In our May 24, 2012 blog entry, we cautioned that Brownfield plans and related agreements may be in jeopardy. Under the Local Governmental and School District Fiscal Accountability Act, MCL §141.1501, et seq. (the “Act”), an Emergency Financial Manager (“EFM”) may be appointed to resolve a government’s financial situation. An EFM may “make, approve, or disapprove” any contract or “reject, modify or terminate” any terms or conditions of existing contracts under the Act. This means that an EFM could terminate any Brownfield Plan and related agreement.

Tax increment financing (“TIF”) is used by many owners of property to finance previously incurred eligible environmental costs. In essence, TIF uses increased tax revenue to reimburse owners for eligible costs. Developments of obsolete or contaminated property often result in an increase in the taxable value of real property which, in turn, cause additional tax revenue to be generated. Under a Brownfield TIF arrangement, instead of a source of additional funding for governments, the incremental increase in the tax revenue is used to pay eligible costs incurred by a developer through a reimbursement agreement with the local community.

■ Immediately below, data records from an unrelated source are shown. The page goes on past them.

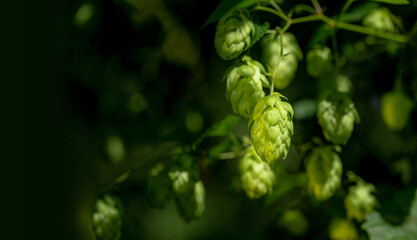 Green ripe hop cones on plantation. Wide format beer production concept background with copy space.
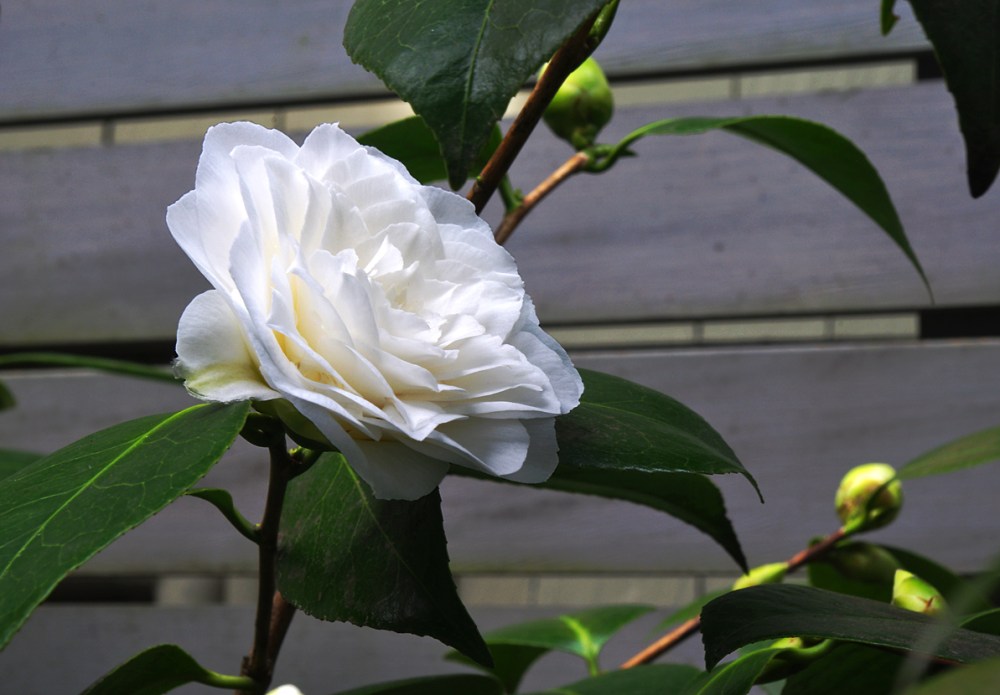 camellia
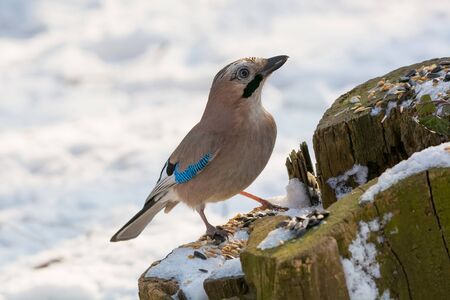 Portrait of standing Eurasian Jay - Garrulus glandarius. Bird in the crow familyの写真素材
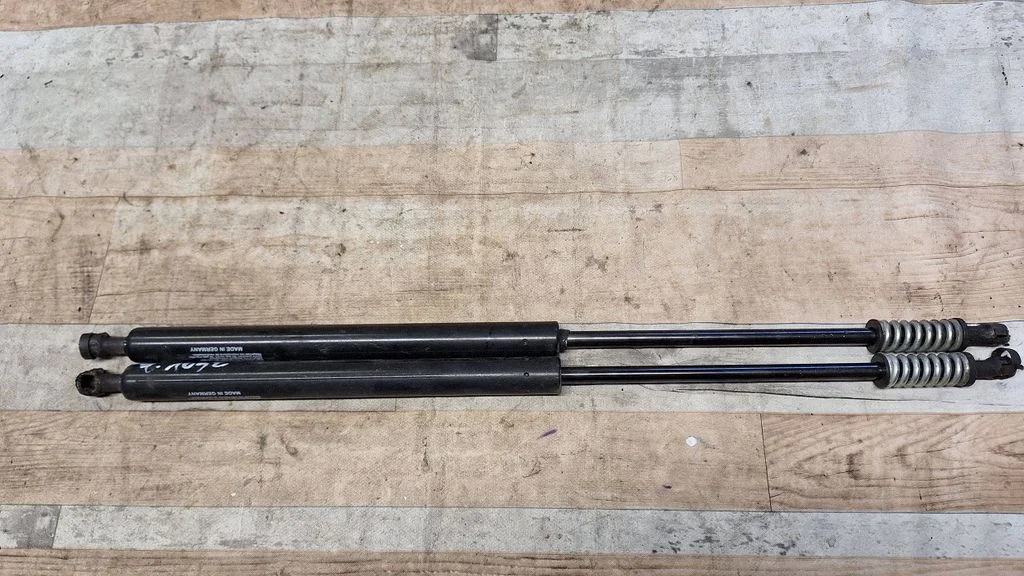 Tailgate/trunk strut/damper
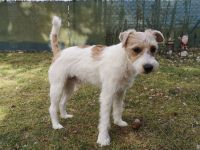 Mighty Maniac's Dustin Hoffman, genannt Dusty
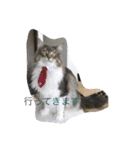 猫  メインクーン  セイヤ（個別スタンプ：13）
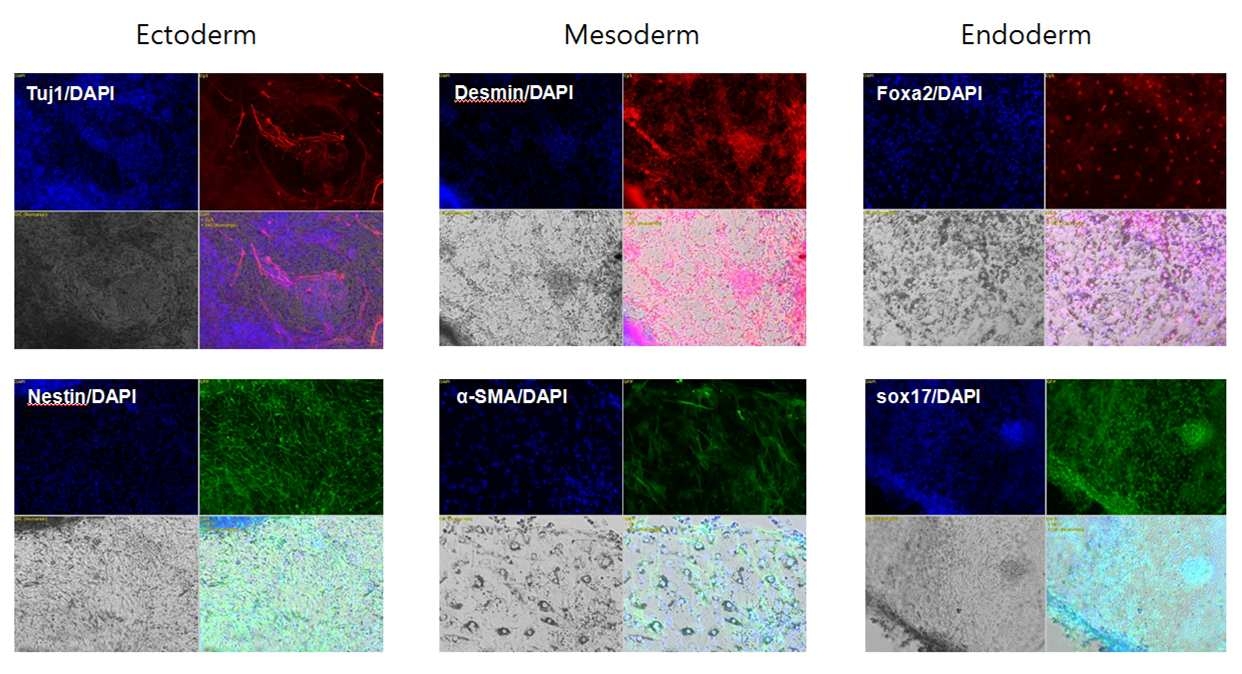 in vitro에서 Embryonic Body(EB) 형성을 통한 유도만능줄기세포의 삼배엽 분화를 형광면역염색으로 확인(endoderm: Foxa2, Sox17, mesoderm: SMA & Desmin, ectoderm: Tuj1, Nestin)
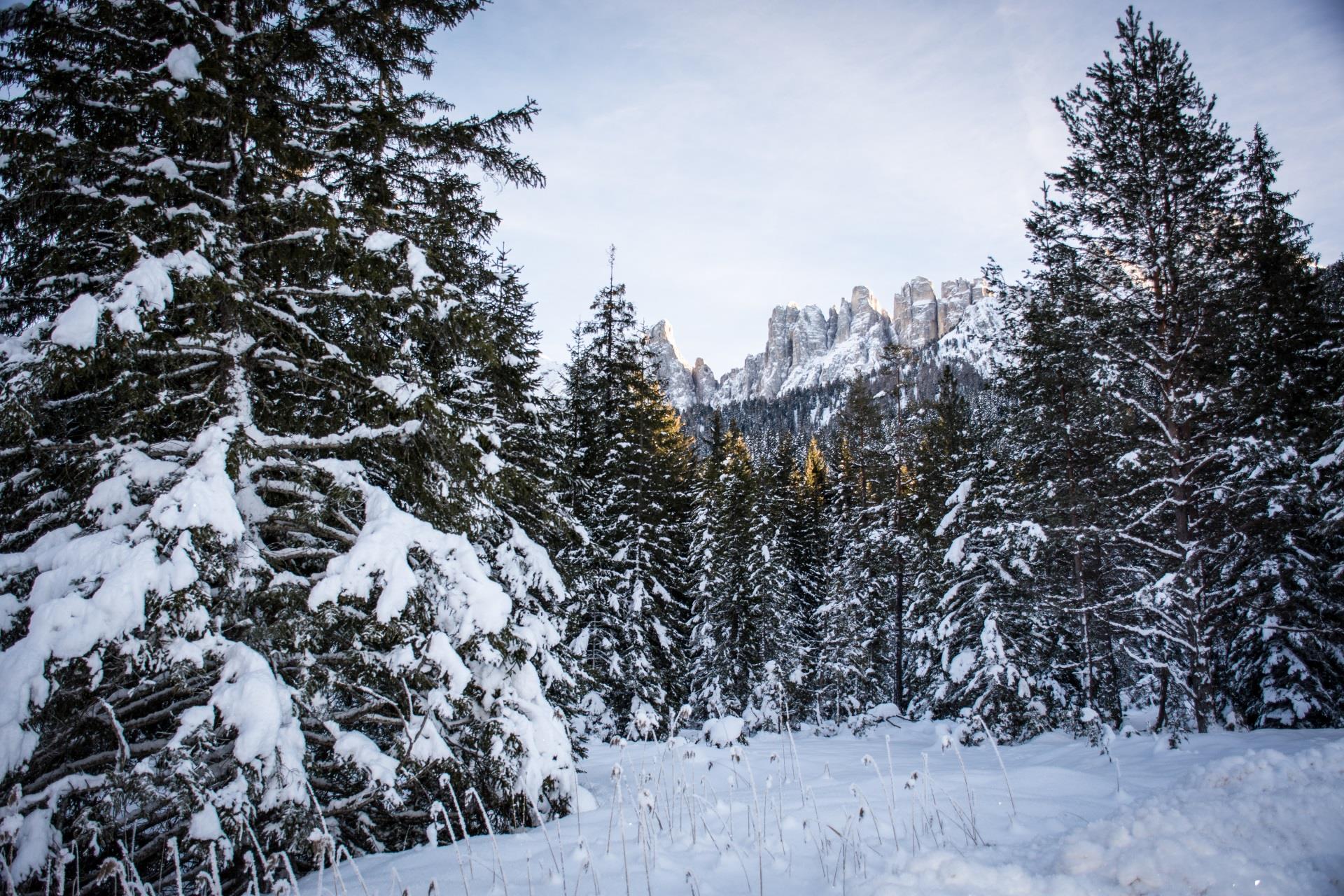 Snowshoe hike from Welschnofen | Nova Levante to Lake Carezza Welschnofen/Nova Levante 2 suedtirol.info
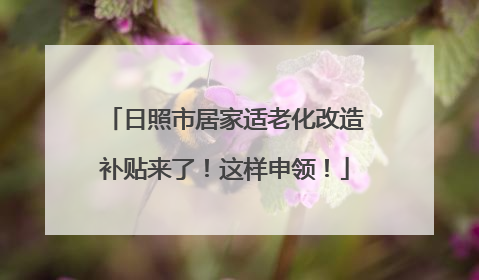 日照市居家适老化改造补贴来了！这样申领！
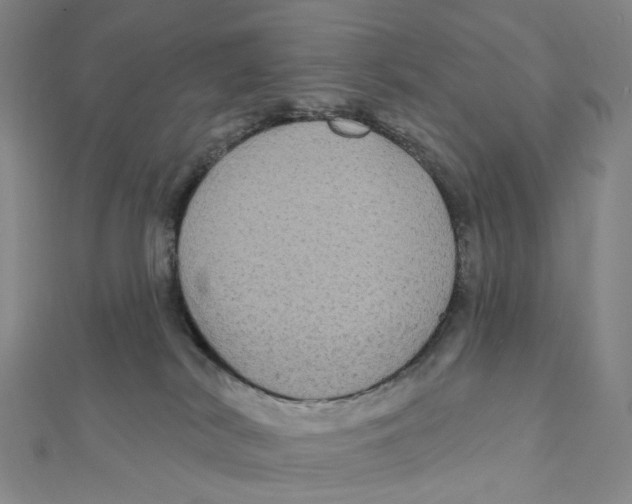 X0000111790038200908201141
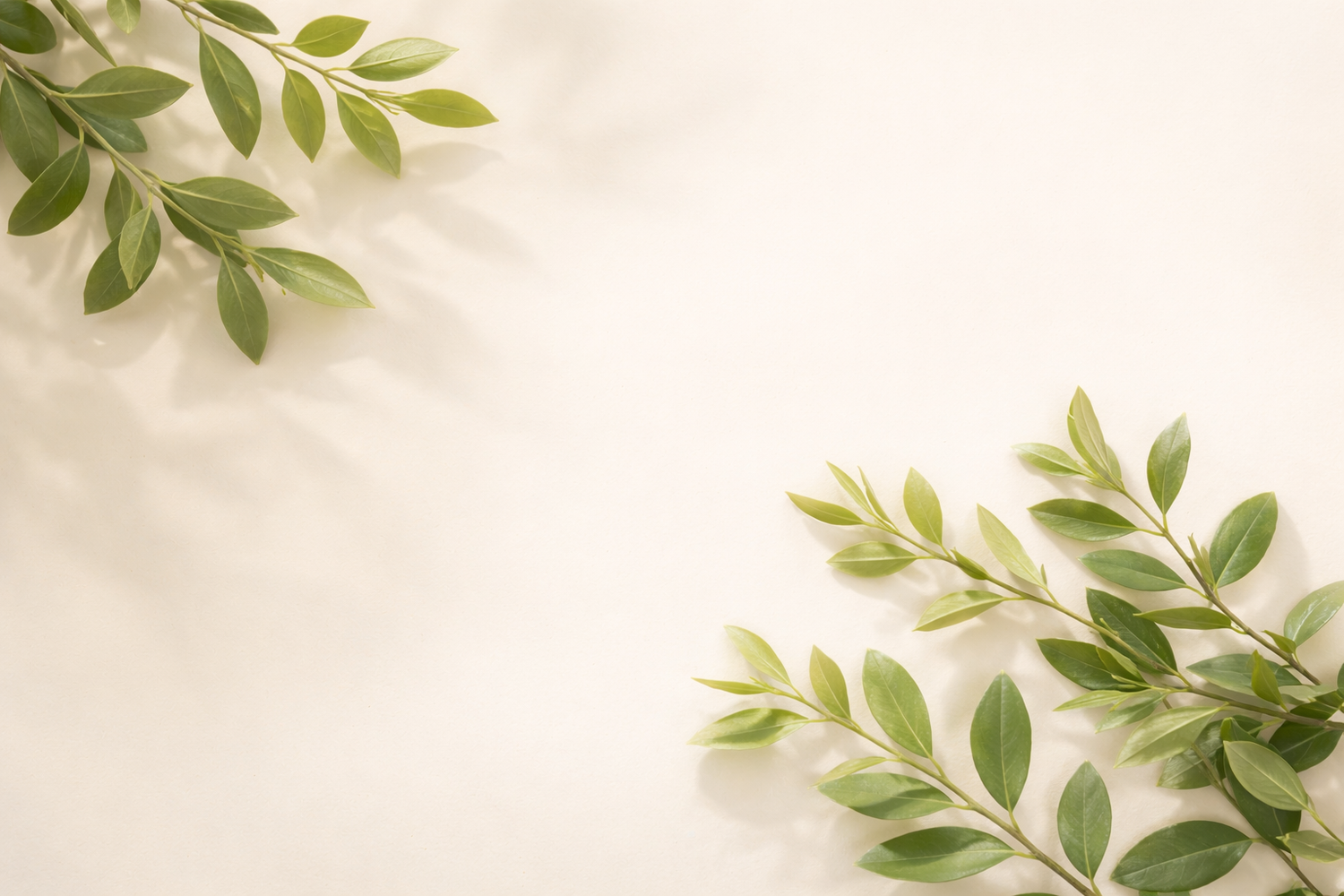 Botanical Skincare: The Future of Conscious Beauty and Healthy Skin
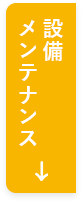 ݔEeiX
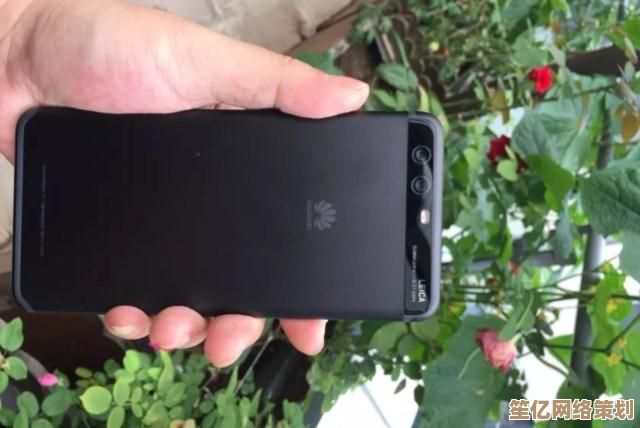徕卡相机天梯图：穿越光影的巅峰旅程，解锁摄影艺术新境界
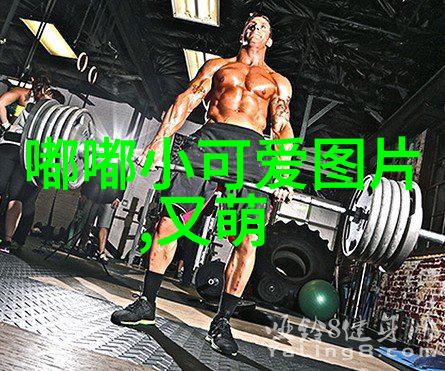 今天是什么特殊的节日-春节传统与现代的交响篇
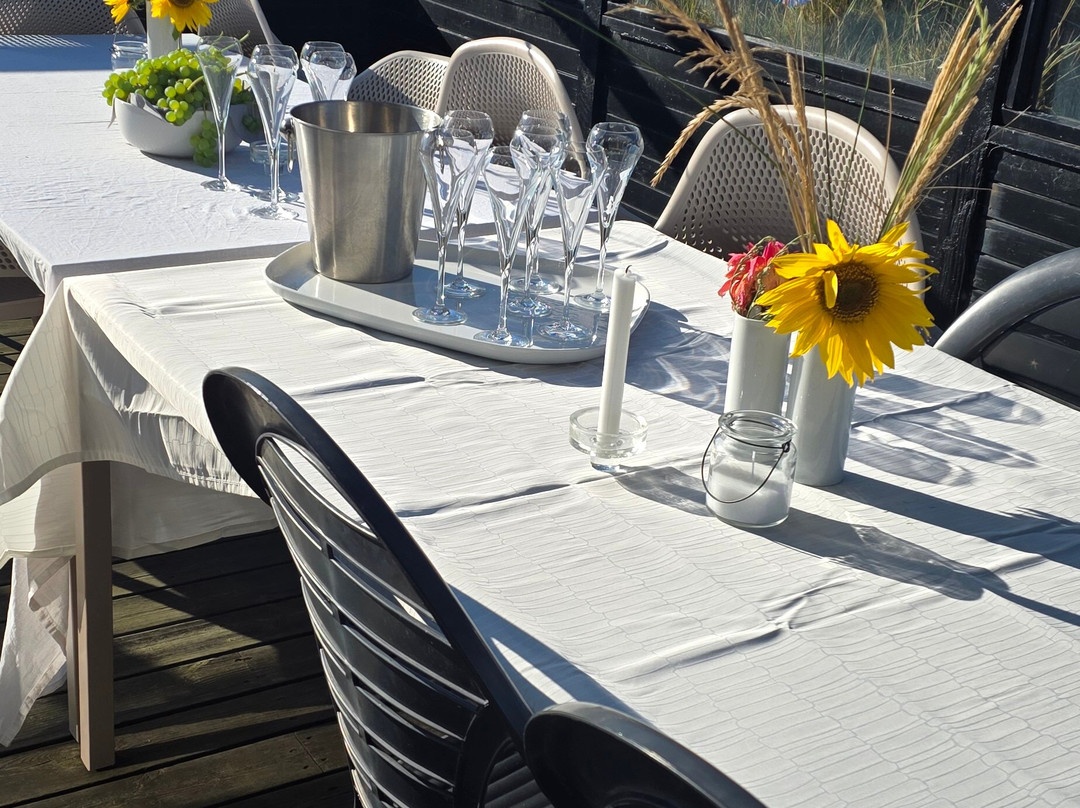 Skallerup Seaside Resort主图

Now that the City of Detroit has an EFM, those involved in Brownfield Plans should be aware of potential consequences. The new EFM, Kevyn Orr, has yet to use his incredibly broad legal powers to invalidate Brownfield plans or reimbursement agreements or portions of them in Detroit, but he has started to use these powers to assert control over union contracts (see Detroit News, 4/23/13). A unilateral termination of the entire agreement or portions of it are clearly within his powers. This means that developers counting on reimbursement through a TIF arrangement may be disappointed when a EFM terminates such arrangements.

A strategy that might be employed by an EFM, based on our sources, is to request a status report from each person benefitting from a Brownfield plan or reimbursement agreement. If the audit shows little or no economic benefit to the local community, the agreements could be terminated and TIF would no longer be available and, as a result, the governmental entity would not be obligated to reimburse those owners for such costs.

It might be wise for Brownfield plan beneficiaries to consider how to respond when such questions are asked. Further, it may be important for one to proactively communicate directly with the EFM to stave off any potential for such documents to be terminated or rejected. We will continue to monitor not only Detroit’s situation but others as EFMs are appointed for governments throughout Michigan.